Any time two microphones pick up the same source, you have a phase relationship to manage. When two waveforms are perfectly in phase, their peaks and troughs line up — they reinforce each other and the combined signal is louder. When one is inverted (180° out of phase), the peaks of one align with the troughs of the other — they cancel.

Complete cancellation is rare in practice. More common is partial phase cancellation — certain frequencies cancel while others reinforce, producing a hollow, thin, flanged character. This happens whenever two mics pick up the same source from different distances.

Polarity vs. Phase

These get used interchangeably, but they’re different:

Polarity is a binary flip — the signal is inverted. Positive becomes negative, negative becomes positive. The polarity button on your preamp or DAW does this. It’s either flipped or it’s not.

Phase is a continuous relationship — how far one signal is shifted in time relative to another. Moving a microphone one inch changes the phase relationship differently at every frequency. Low frequencies (long wavelengths) are barely affected; high frequencies (short wavelengths) shift dramatically.

Polarity problems are easy to fix — press a button. Phase problems require either repositioning microphones or using time-alignment tools in the DAW.

Comb Filtering

When two signals of the same source arrive with a small time offset, they create alternating bands of cancellation and reinforcement across the frequency spectrum. Plot the resulting frequency response and it looks like the teeth of a comb — hence the name. Comb filtering is the most common phase artifact in multi-mic recordings.

The 3:1 Rule

Every textbook calls it a rule. It’s more like a napkin sketch — a starting point that keeps you out of trouble when you’re setting up multiple mics.

The idea: when two microphones are recording two separate sources, place the mics at least three times farther from each other than each mic is from its own source. If a vocal mic is 6 inches from the singer and a guitar mic is 6 inches from the amp, the two mics should be at least 18 inches apart. The goal is to reduce bleed — when one source leaks into the other’s microphone at a level and delay that causes comb filtering.

Why does distance help? Because sound loses energy as it travels. If the bleed arriving at a mic is significantly quieter than the direct source, any phase cancellation it causes will be too faint to matter. The 3:1 ratio creates roughly a 10 dB level difference between direct sound and bleed — enough that the interference becomes negligible in most situations.

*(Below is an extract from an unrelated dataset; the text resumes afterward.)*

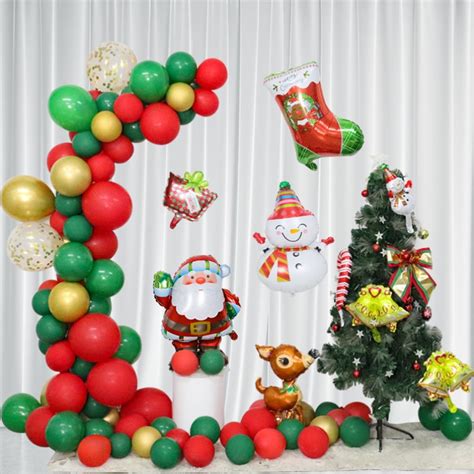 Merry Christmas Foil Balloon Set 16inch Party Decorations Party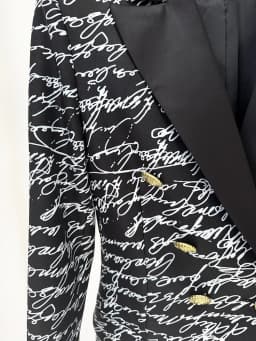 HIGH STREET Newest 2026 Stylish Designer Jacket Women's Love Letters Printed Double Breasted Blazer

Talk to enough engineers and you’ll hear three or four versions of this guideline. Sometimes it’s applied to two mics on one source (like a snare top and bottom). Sometimes the ratio changes to 4:1 or 5:1 for picky situations. The math is less important than the principle: more distance between mics means less destructive interference. And no ratio replaces checking with your ears — flip polarity on one channel, listen for the fuller sound, and adjust mic positions until the phase relationship works. That polarity check from Chapter 10 should be automatic on every multi-mic session.

What to Practice

1. Watch your meters while recording. Pay attention to peak levels as you track. Get comfortable with signals peaking around -12 to -6 dBFS. Resist the urge to push them higher — headroom is free in 24-bit.
2. Compare peak and RMS. Pull up a peak meter and an RMS meter on the same track. Play a snare-heavy drum loop — notice the peak meter jumps much higher than the RMS. Now play a sustained pad — the two meters read closer together. That gap between peak and RMS is the difference between transient level and perceived loudness.
3. Hear comb filtering. Set up two mics on the same source (two mics on a guitar amp, or two mics on a voice). Record both simultaneously. In the DAW, nudge one track forward or backward in time by small increments — 1 ms, 2 ms, 5 ms. Listen to how the tone changes. That hollow, phased sound is comb filtering.
4. Use the polarity button. With two mics on the same source summed to one output, flip the polarity on one channel. If it sounds fuller, leave it flipped — the mics were partially out of phase. If it sounds thinner, flip it back. This should be automatic on every multi-mic session.